‘Freeze rent not renters’: Tenants march across UK amid cost of living crisis
Tenants unions are demanding a rent freeze amid spiralling prices and evictions as winter closes in.
by: Rose Morelli
3 Dec 2022
Renters across the country are demanding a rent freeze. Image: Rose Morelli/Big Issue
Hundreds of renters across the country took to the streets on Saturday to demand a freeze on rents amid spiralling housing and energy costs in the UK.
Protests took place outside estate agents in Manchester and six London boroughs, with demonstrators calling on the government to end unfair rent profiteering during a cost of living crisis.
“Landlords and estate agents like Foxtons are using the current economic crisis to artificially increase rents and boost profits,” said Rebecca Hesse-Clark from the London Renters Union (LRU). ”The rent rises being pushed through are unfair and unjustifiable.”
In Stratford, east London, protestors set up tents, mattresses and food stalls outside a Foxtons estate agents. “We can’t afford our rent at home, so we’re moving in here!” said Charlotte, an organiser and speaker for the demonstration.
Meanwhile, members of the LRU have reported an average rent increase of £3,378 (20.5 per cent) per year, with some facing rent rises upwards of 50 per cent. No-fault evictions have also hit a record high, as landlords opt to sell or re-let their properties at a higher price.
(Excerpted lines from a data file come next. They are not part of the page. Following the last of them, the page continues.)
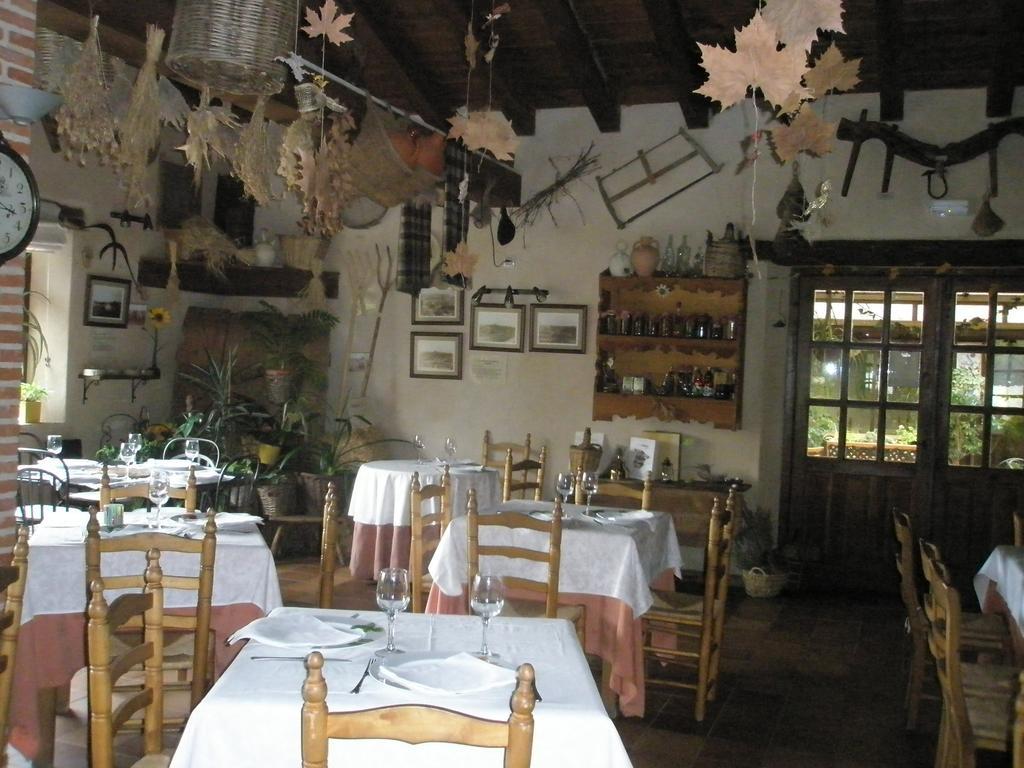 La Huerta De San Lorenzo Hotel Segovia Exterior photo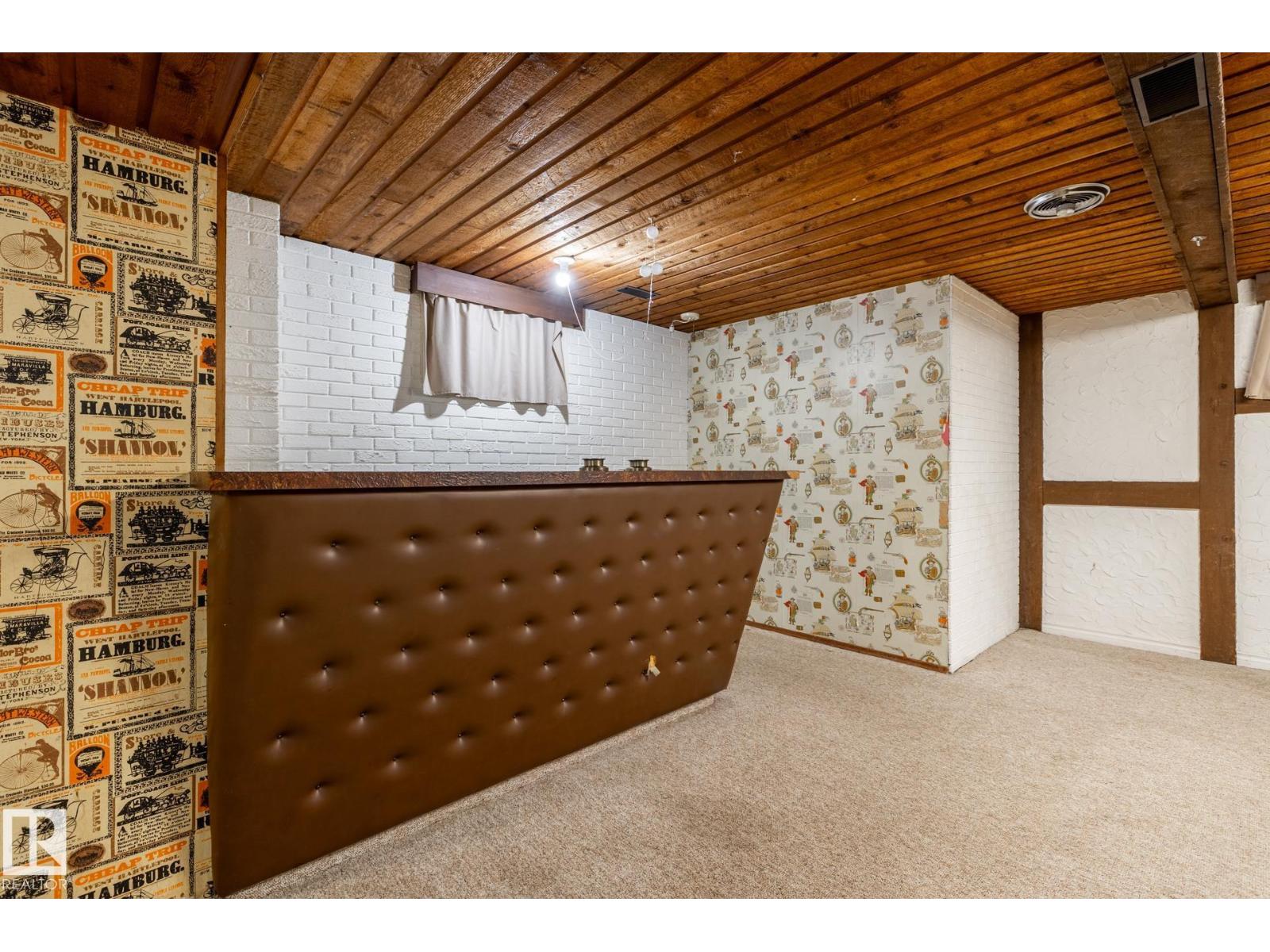 11819 87 AV NW - 68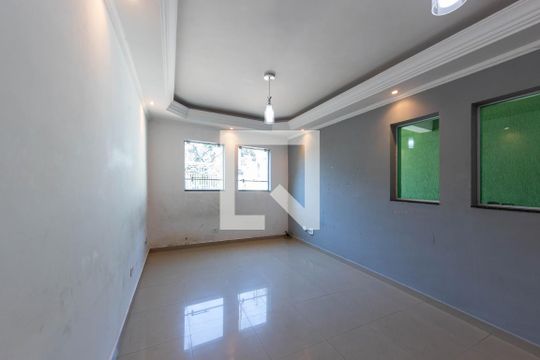 Casa à venda com 3 quartos, 120m² em Jardim Angela (zona Leste), São Paulo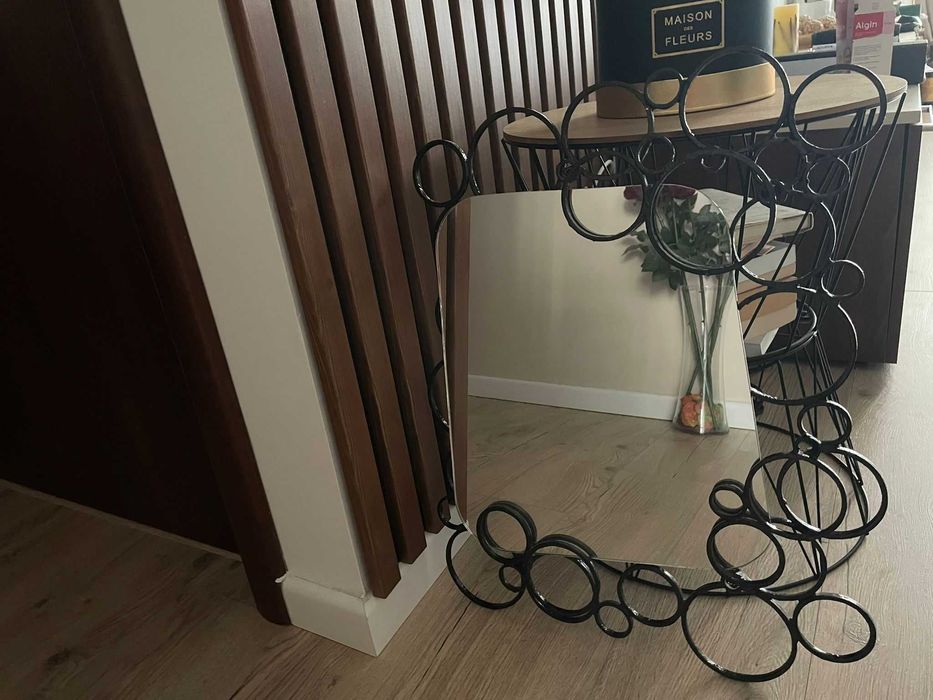 Oglinda decorativa moderna din otel cu cercuri - realizata la COMANDA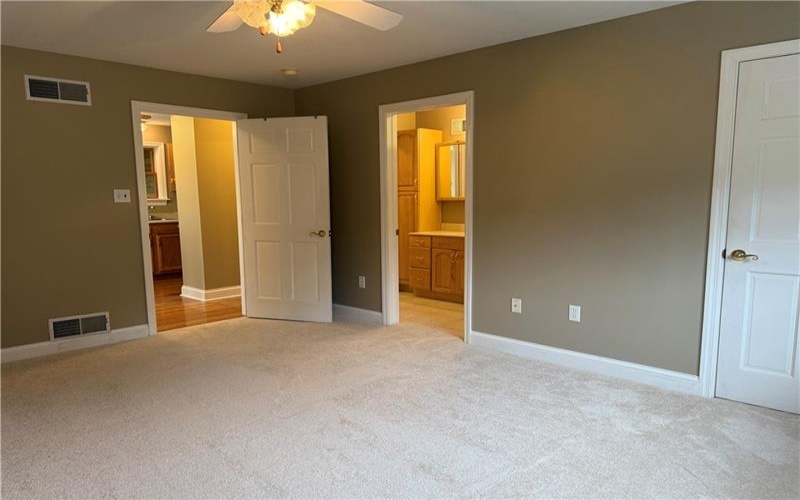 110 Sunny Dell Lane, McMurray, 15317, 2 Bedrooms Bedrooms, ,1.1 BathroomsBathrooms,Lease,For Rent,Sunny Dell Lane,1769000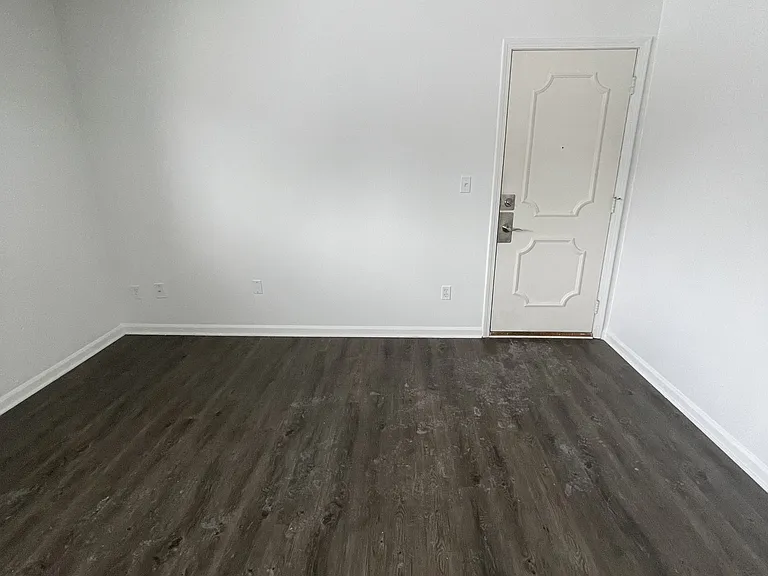 205 E Saginaw Hwy — Photo 17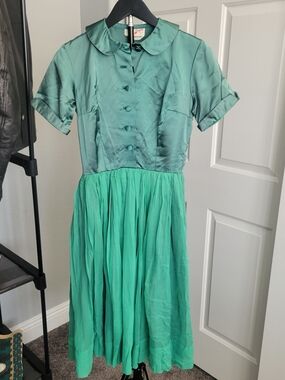 True vintage 1950s satin dress in a stunning green 💚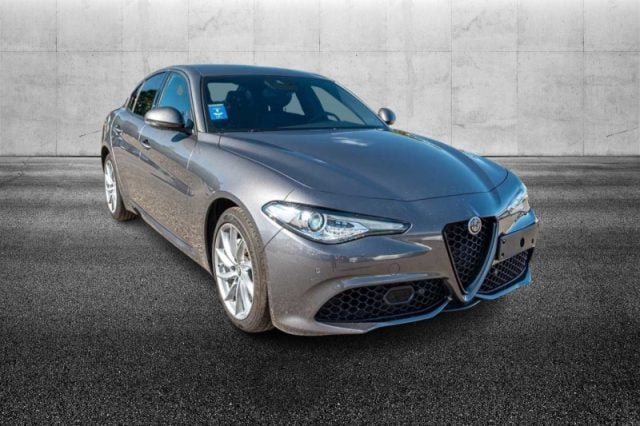 Alfa Romeo Giulia 2.0 Turbo 200 CV AT8 Sprint - foto 2 di 4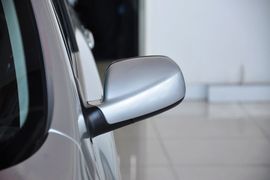 2012款标致307两厢1.6L手动舒适版到店实拍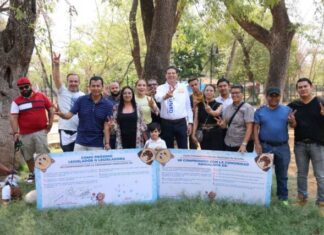 Candidatos firman 9 compromisos con defensores de los derechos de los animales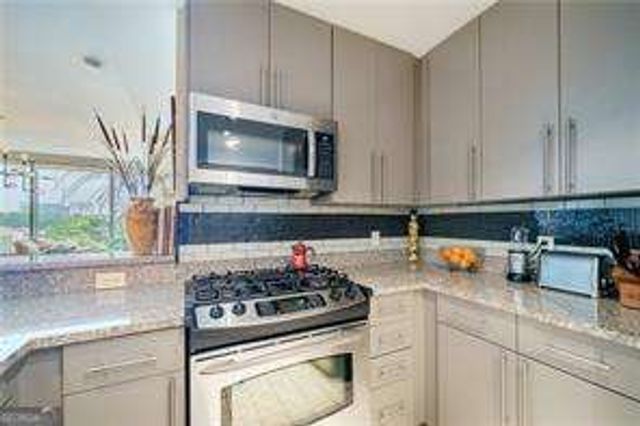 3338 Peachtree Road NE 710, Atlanta, GA 30326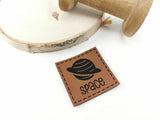 Kunstleder-Label, Lederlabel, Kunstleder-Patch, Lederpatch, 4x4cm, cognac, braun, Weltall, Weltraum, Planet, Space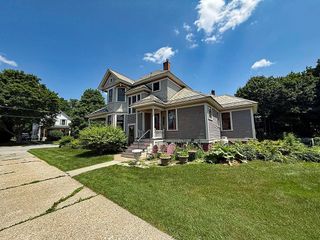 52 Kingsley Avenue, Rutland City, VT 05701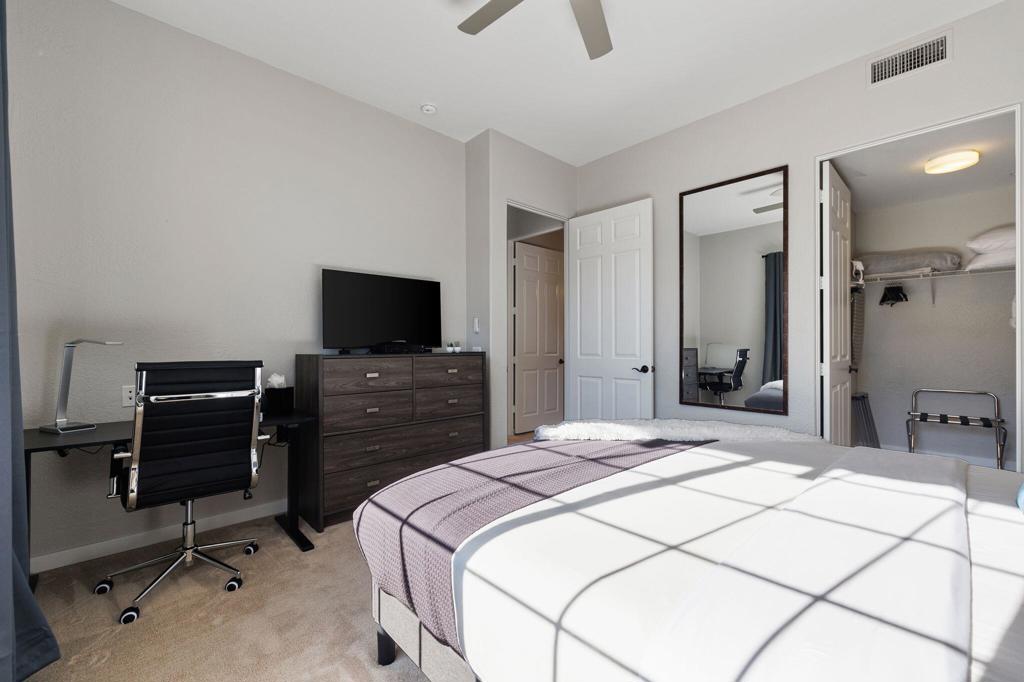 50620 Santa Rosa Plaza 4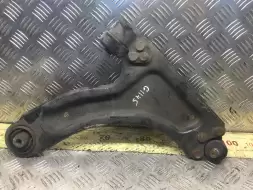 Рычаг передний правый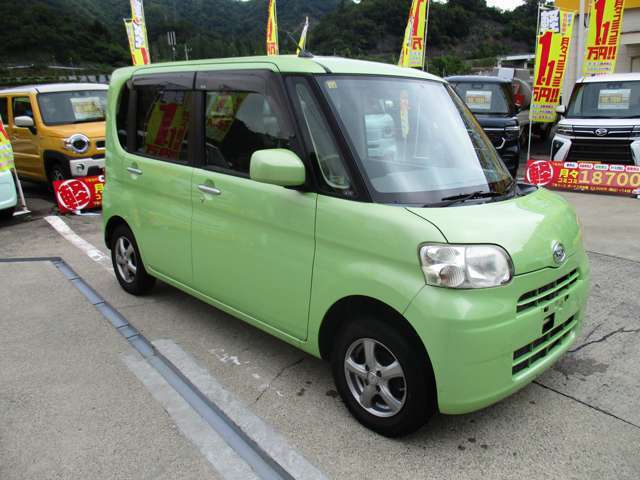 ゆったりとした室内空間で快適にお乗りになられます！また内装に関してもスタッフが綺麗に仕上げご納車させて頂きます！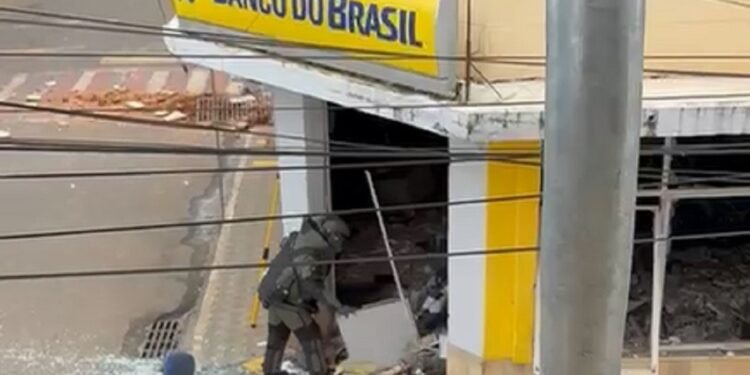 Destaques da Semana: Agência Bancária Explodida, Acidente Fatal e Doação de Órgãos Autorizada pela Justiça em MG Destaques da Semana: Agência Bancária Explodida, Acidente Fatal e Doação de Órgãos Autorizada pela Justiça em MG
“Decades of government decisions have prioritised profits for landlords and investors above the safety and security of tenants,” said Elizabeth Williams from LRU. “Measures like an end to no-fault evictions and a rent freeze can bring us closer to a housing system that prioritises human need over the profits of a tiny few.”
The Conservative government has long promised a Renters’ Reform Bill, but years of political and economic chaos have meant there has yet to be significant progress making it a reality.
“I joined LRU four months ago because my mum has dementia and has faced problems as a renter,” said Cara, a marcher for LRU in Stratford. “I had to start representing her when her managing agents chastised her for complaining about a broken water heater.”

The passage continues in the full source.